Luce Megakernal: Why nobody is taking about this?

Posted by PaceZealousideal6091@reddit | LocalLLaMA | View on Reddit | 9 comments

Everyone has been taking about Luce DFlash and PFlash. I just came across their megakernal and it seems it was released along with Dflash and PFlash. It seems it's giving them 1.8x greater speed with much more power efficiency on nvidia gpu comparable to the efficacy achieved on apple silicon! How's it that nobody is talking about this? They say that they developed a method of avoiding cpu despatches between every layer boundaries. In lcpp, there are about 100 kernal launches per token for CUDA implementation. The amount of power being used is crazy especially as people are using powerful multi gpu setup. Isn't this really huge?

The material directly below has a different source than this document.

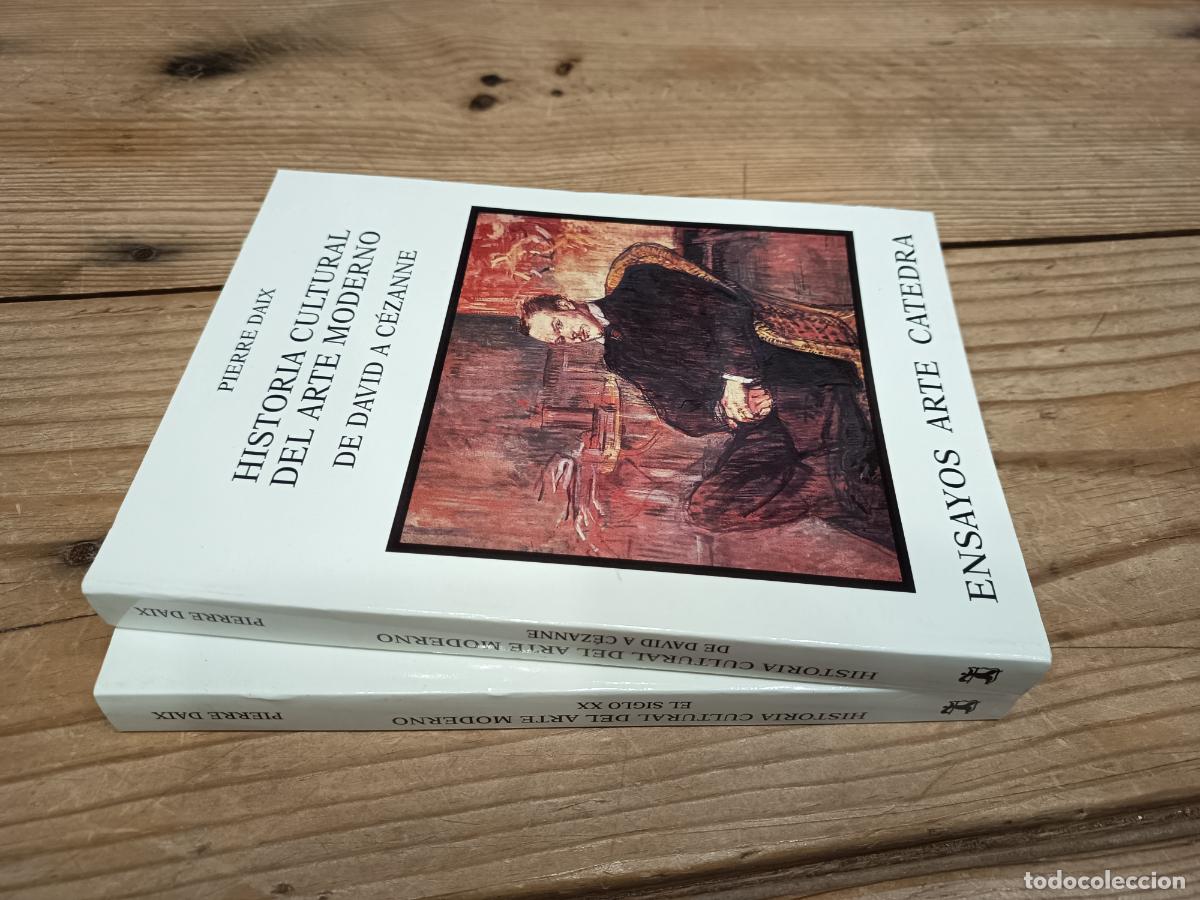 Libros de segunda mano: 2002 - PIERRE DAIX. Historia cultural del arte moderno, 2 tomos - C&Aacute;TEDRA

Am I missing something?

[-]

stoppableDissolution@reddit

Because handwriting kernels per-model (not even per-family) is not remotely feasible?

[-]

JumpyAbies@reddit

I think that if, for example, it has support for qwen3.6-27b or gemma-4, it becomes a very attractive option for those who use those models. It would be a solution focused on a smaller scope of models.

[-]

dinerburgeryum@reddit

The post goes onto say “Megakernel fusion benefits shrink as model size grows and compute begins to dominate over launch overhead.” Sounds like diminishing returns.

[-]

JumpyAbies@reddit

Why didn't you let me dream?? 😆

[-]

foomanchu89@reddit

Because

It only works for Qwen 3.5-0.8B right now it’s not a general inference engine
1. The DFlash story (27B speculative decoding on a 3090) is more immediately practical for people running larger models
2. The Lucebox-Hub project provides paper-style technical writeups and benchmark reports, which is unusual and thorough but the install involves low-level CUDA compilation that raises the barrier to entry

[-]

NickCanCode@reddit

I think they know. They just don't have the time to do everything. Just look at the pull request count on those other projects.